Hula Scoop

The last time I heard from the gregarious Max Chao, the brother of Red Snapper owner Kua-Ching “Casey” Chao (see review), he and his wife, Kim, were in the process of packing up the pots, pans and chopsticks from their popular downtown restaurant, Max’s Noodles & More (1728 Main). After more than two years in business, that low-slung building was being torn down to make room for a parking garage.
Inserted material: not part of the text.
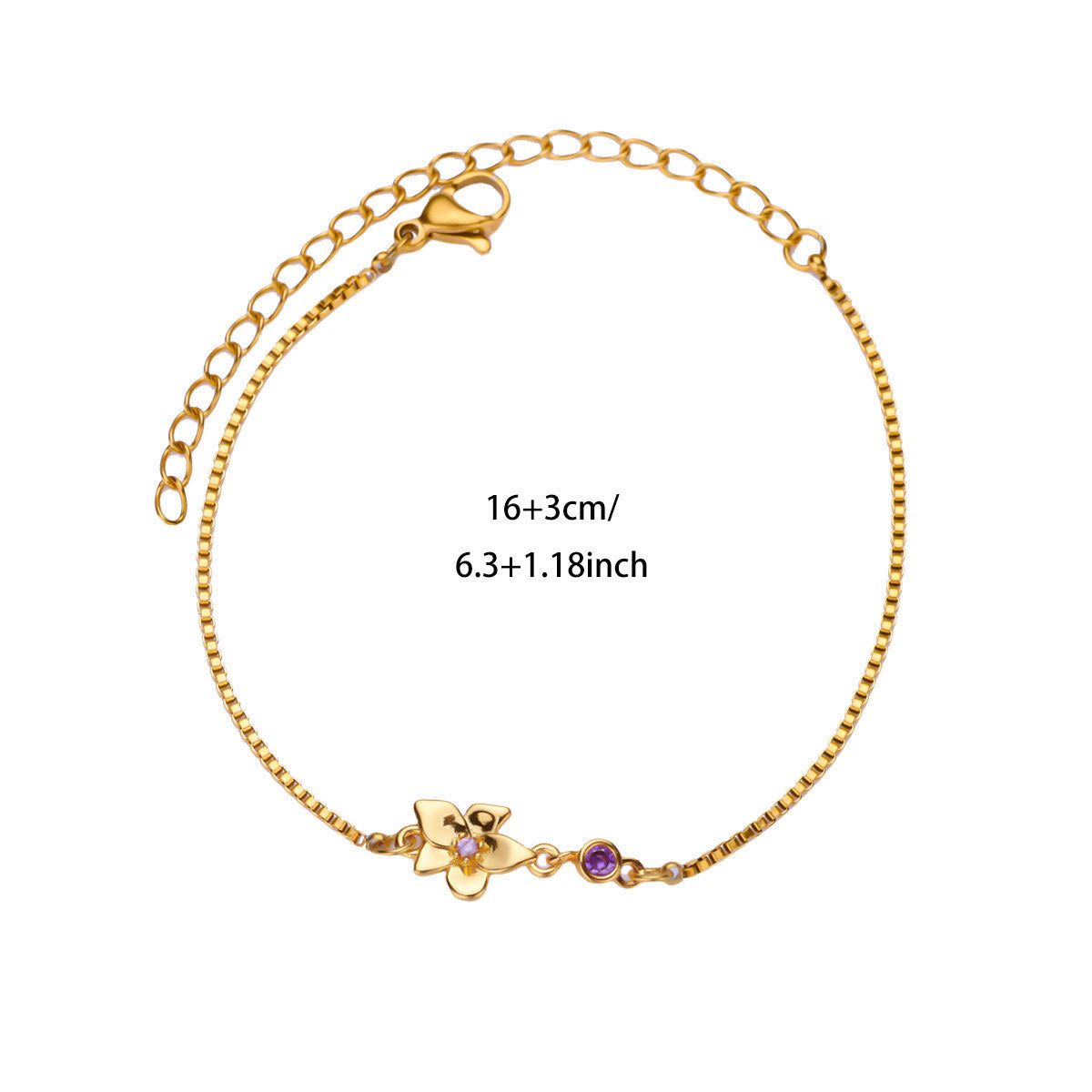 Kaze 18K Gold Birth Month Flower Bracelet | Personalised Floral Bracelet in All 12 Months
After contemplating what his next venture would be, Chao took some time off to help a friend open a franchise restaurant in Fairfield, California. The fast-casual concept, Ohana Hawaiian Barbecue, has enjoyed rapid growth in California serving beef, chicken, pork and Spam(!) that have been marinated for 24 hours in a blend of pineapple juice, soy, garlic, “and other secret ingredients,” Chao says, then grilled to order and served with steamed rice and macaroni salad.

Chao was so taken with the concept that he bought the franchise rights for the Kansas City metro area and will open the first local Ohana Hawaiian Barbecue later this month in the former Baja Fresh Mexican Grill location at 91st Street and Metcalf in Overland Park.

Unlike Chao’s namesake restaurant, which offered full service — and liquor — the new enterprise will be a counter operation, with an illuminated menu displayed above the cashier and dinner prices ranging from $5.99 for Volcano Chicken to around $7.85 for a seafood barbecue combo. Chao won’t reveal the ingredients in the “world-famous katsu sauce” served with the deep-fried chicken tenders, but he says he’ll serve both the Spam Loco Moco (topped with brown gravy and a fried egg) and the sushi-inspired Spam Musubi.

“Spam is, like, the most requested dish in Hawaii,” Chao says. “Don’t you remember that scene in Adam Sandler‘s Fifty First Dates? He leaves the island with a crate of Spam?”

I’ve never seen the movie (I’d rather eat Spam than watch Adam Sandler), but I did read on the Hormel Web site that residents of Hawaii consume more Spam — 4 million cans yearly — than any other world population. Will Overland Park residents develop a fetish for the canned meat?

Even if they don’t, there’s plenty of other stuff at Ohana, including mahi-mahi burgers, pineapple chicken and roast pork with cabbage. “The portions are really big,” Chao says.

Eat there enough, and you won’t just feel like the Big Kahuna — you’ll look like one, too.